Let $X$ be a Banach space and $M$ be a subspace of $X$. Then we know $X= M\oplus N$ where $N$ is a subspace of $X$. Let $T:X \to X$ be a bounded linear operator.
I want to prove that
$ T= \begin{pmatrix} A&B\\ C&D\\ \end{pmatrix} $
where
$A:M \to M$
$B: M \to N$
$C:N \to M$
$D:N \to N$
are bounded linear operators.
This question is ambiguous. The matrix notation makes no sense for an operator in a general space unless you define how to evaluate that. I will provide such an interpretation, and prove that the statement is true in Hilbert spaces. We start with the definition.

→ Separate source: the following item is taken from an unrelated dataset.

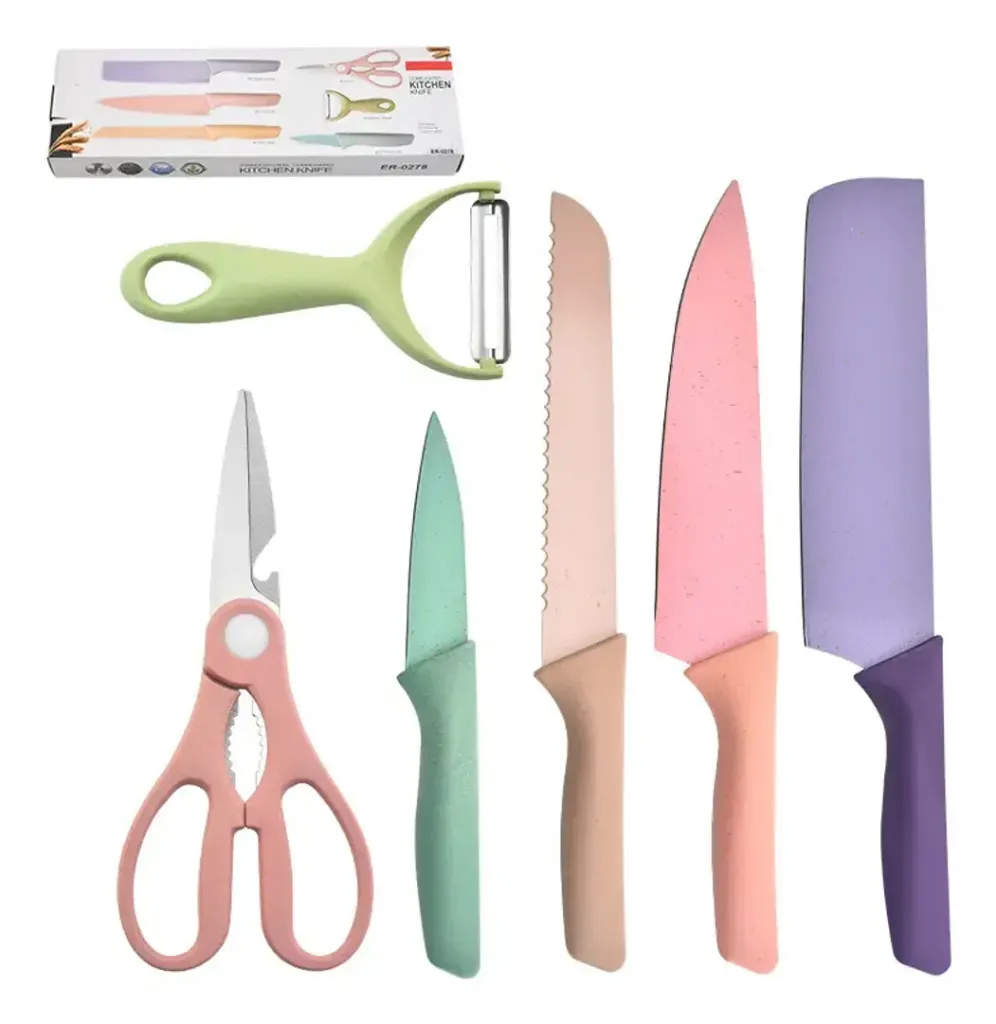 SET CUCHILLOS PROFESIONALES ACERO INOXIDABLE X6.webp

$\textbf{Definition:}$ Assume that
$$X= M \oplus N,$$ where $X$ is a Hilbert space and $M$ and $N$ are closed subspaces of $X.$ Let $A:M\to M,\; B: N\to M,\; C: M\to N, \; D: N\to N$ be bounded linear operators. The operator $T$, denoted by
$$T=\begin{bmatrix} A &B \\ C & D \\ \end{bmatrix} $$ is defined as $$Tz= \left(A(P^M z)+B(P^N z)\right)+ \left(C(P^M z)+D(P^N z)\right),$$ where $P^M$ and $P^N$ denote the projection operators on $M$ and $N$ respectively, that is, if $z= x+y,\; x\in M,\; y\in N,$ then
$$P^Mz=x,\; P^N z=y.$$ Note that this definition is intrinsically related to the matrix representation, since $z= P^Mz+P^Nz,$ so that you can 'represent' $z$ as $$z= \begin{bmatrix} P^M z \\ P^N z\\ \end{bmatrix}$$ and we have the analogy with matrix multiplication.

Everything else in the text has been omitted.